The fiancee effect on tennis

I got engaged, and somehow, I’ve become a better tennis player. My last three matches have been blowouts, and my mind is free on the court. Maybe it’s because someone in the world has agreed to spend the rest of their life with me. 

Think about that for a second. 

You need to have such trust and conviction in another person to agree to such a proposition. Growing up, I never really thought much about being engaged, even though I always knew I wanted to get married. At an early age, I even knew I wanted to be a father one day, and I would imagine what it would feel like to take him or her to the park, to get ice cream and to school. 

But I never really put much thought into the engagement, and in some ways, I thought it was silly until I got on one knee in a little row boat in Central Park and felt my heart smile. It was like all of New York City got together and decided not to be such assholes for the first time ever as we walked around the Upper East Side, past the Met, and to our brunch celebration.

It was magical—a high. The next time I stepped onto a tennis court, I saw the court clearer than ever before because maybe, in a way, the stress of being alone in this world was gone. Maybe the confidence she had in me carried over to the court. The baby that loses focus after a bad shot was silenced by the person we’re becoming. 

A person who lacks the confidence to make a choice is a wandering soul, a child who doesn’t know what he wants. Or, even worse, they are waiting for something better. I know a guy who has a nice girlfriend but cares more about what his college friend group thinks and, in a way, doesn’t want to propose because he thinks he’s above it.

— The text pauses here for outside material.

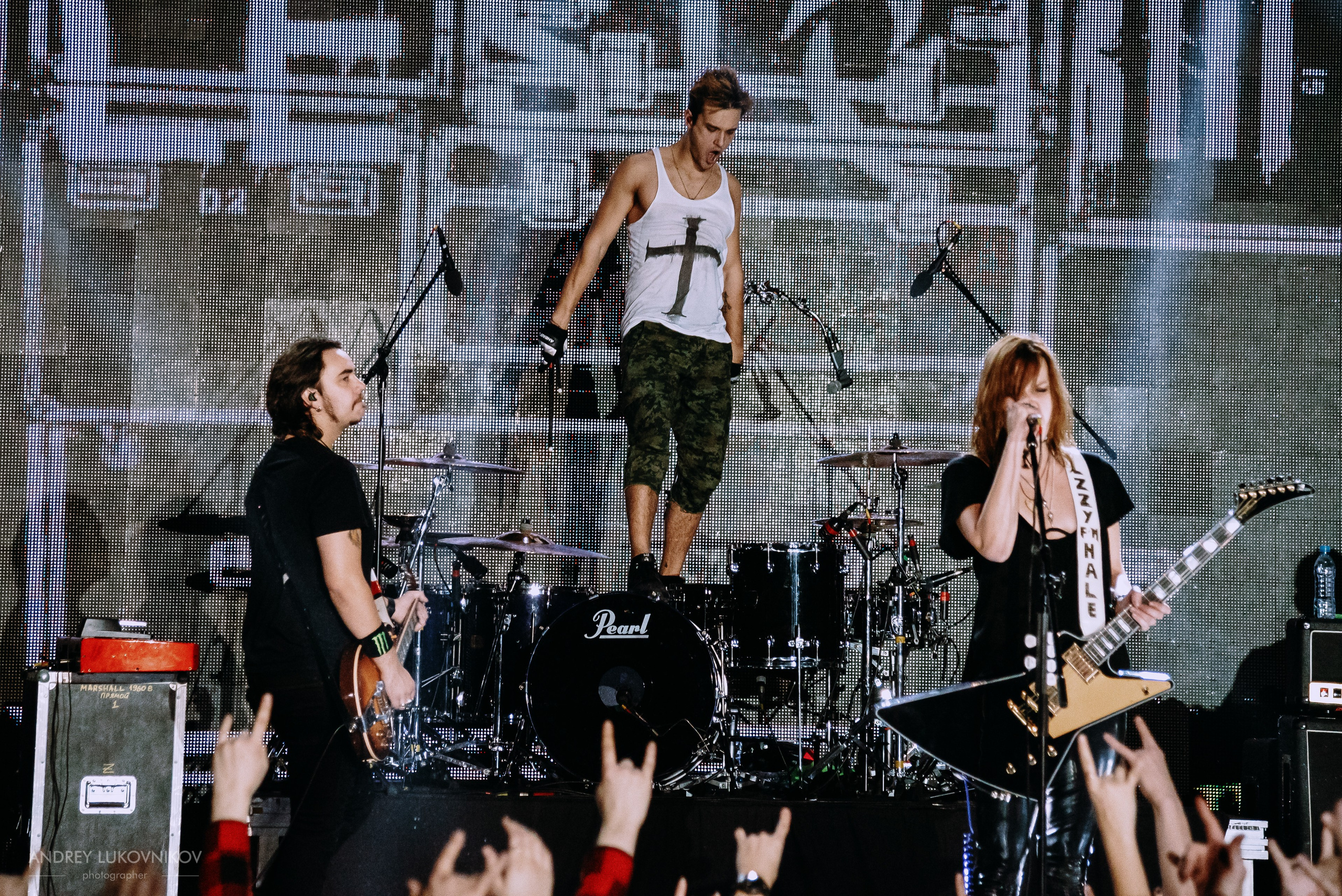 Halestorm. Into the Wild Life Tour 2016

I’m not the spokesperson for proposing now or for anything, really. But I do believe that when you find someone who loves you, you should cherish it. It’s the hardest thing in the world to find. Harder than making money or becoming a 4.0 tennis player. 

The high of engagement lasted about 6 days, the same amount of time it took God to create the entire world. Then, that world got in the way. 

I’m not sad about that. A high is a high for a reason. It’s a temporary moment of extreme happiness. The happiest people don’t have more highs than other people. They are just better at recognizing what makes them happy and can extend the highs longer than most without hopping on a plane to get away to an island somewhere. They can make highs out of thin air. At a coffee shop, on a tennis court, at a farm bridge, with each other doing nothing.

But championships last forever. That’s why they have trophies. In a way, the engagement ring is that trophy. 

It reminds me of the day my tennis coach became my fiancee.